Part of our secret sauce is that folks are going to discuss us, and the “dudeness” is the magic. We try to take care of that magic and that connection with people, and make people laugh, get them interested in who we’re and ultimately convert. But I’m at all times looking out with my team for those opportunities that pique our interest and are right up our alley, [so] we are able to drum up some noise. Instead of just spending a couple of promoting dollars to create a couple of impressions, we wish to get ten times the impressions.
How has the media mix modified as your retail presence has grown?

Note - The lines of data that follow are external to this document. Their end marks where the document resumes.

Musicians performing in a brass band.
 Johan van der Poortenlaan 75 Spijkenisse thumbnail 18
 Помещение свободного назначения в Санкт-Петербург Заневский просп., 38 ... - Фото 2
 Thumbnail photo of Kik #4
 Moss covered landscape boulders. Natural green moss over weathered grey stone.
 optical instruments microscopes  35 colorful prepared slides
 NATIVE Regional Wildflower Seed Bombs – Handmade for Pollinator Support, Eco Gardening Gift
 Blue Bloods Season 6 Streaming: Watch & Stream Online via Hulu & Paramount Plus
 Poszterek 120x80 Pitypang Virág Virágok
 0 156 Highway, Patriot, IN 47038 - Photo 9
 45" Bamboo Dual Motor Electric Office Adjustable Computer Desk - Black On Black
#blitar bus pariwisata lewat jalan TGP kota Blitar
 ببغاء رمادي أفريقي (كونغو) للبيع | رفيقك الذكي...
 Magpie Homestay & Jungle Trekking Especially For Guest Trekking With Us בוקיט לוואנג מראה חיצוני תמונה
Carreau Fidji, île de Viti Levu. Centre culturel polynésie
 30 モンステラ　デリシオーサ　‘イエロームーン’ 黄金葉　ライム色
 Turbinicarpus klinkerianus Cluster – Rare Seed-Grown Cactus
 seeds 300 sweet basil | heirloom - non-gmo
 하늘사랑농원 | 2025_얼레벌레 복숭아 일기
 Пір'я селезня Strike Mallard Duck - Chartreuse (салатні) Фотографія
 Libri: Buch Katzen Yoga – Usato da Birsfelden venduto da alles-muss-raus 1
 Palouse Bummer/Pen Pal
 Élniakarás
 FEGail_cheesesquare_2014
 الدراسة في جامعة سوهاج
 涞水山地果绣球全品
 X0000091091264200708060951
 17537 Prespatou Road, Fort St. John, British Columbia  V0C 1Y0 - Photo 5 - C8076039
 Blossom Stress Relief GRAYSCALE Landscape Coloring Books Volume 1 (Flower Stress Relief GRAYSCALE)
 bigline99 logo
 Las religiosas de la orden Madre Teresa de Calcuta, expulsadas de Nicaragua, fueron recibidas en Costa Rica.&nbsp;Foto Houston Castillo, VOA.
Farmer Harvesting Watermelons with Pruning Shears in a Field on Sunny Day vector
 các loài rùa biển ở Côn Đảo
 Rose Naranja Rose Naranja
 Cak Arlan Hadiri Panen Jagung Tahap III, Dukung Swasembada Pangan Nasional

We have a healthy trade budget that is a part of our overall marketing budget, and that goes to support our big retail partners Amazon, Walmart, Target, Kroger and Instacart. We play ball for those retailers.
In terms of media, there’s a very interesting dynamic occurring right away with linear versus streaming and programmatic, connected TV. We’re running a fairly sizable test right away with Amazon, serving their connected TV and streaming TV audiences through Prime and other avenues. It’s higher CPM, but now we have a bit of more control over who the content is served to. Then we’re also going to get some consumer reporting on the back end as well, and find a way to see some conversion rates, whereas linear, obviously, is type of a giant black hole.
We’re also kicking off an enormous podcast blitz, spending multiple seven figures for the primary time within the lifetime of the corporate. We feel really strongly about aligning with different podcast hosts which are very trusted by their listeners. That’s where people as of late are selecting to eat their content.
Linear is at all times going to play its part for the low CPM and the mass reach, and we’re invested heavily in it. There’s little question. But there’s some ancillary dollars that we’re playing with in these other spaces, simply to see if the engagement is a bit of bit higher.
What do you see in the buyer demographics of a brand that has made the word “dude” central to the corporate?
We landed on the name Dude Wipes since it’s a contagious word in American vernacular. We began this, as guys, to enlighten guys that you have to be cleaner and more hygienic. We knew that girls would appreciate it as well. We weren’t dumbfounded but very surprised to see some stats a pair years ago, and it’s continued to be consistent, that our users are literally 50% women, 50% men. We think that girls are buying them for the household. I believe it goes back to the fun nature of our brand, that now we have not turned them off, and so they think it’s funny and funky too. Women are on board with it as well.
In terms of pleasing everybody, it’s never going to occur in the event you attempt to be every little thing to everybody and nothing to no person. We really are unapologetically ourselves. We know there’s going to be haters on the market. There are going to be those that think it’s silly, or we have been on these “unnecessarily gendered products” lists and it really doesn’t trouble us. We’re at all times going to have those naysayers, which is effective with us.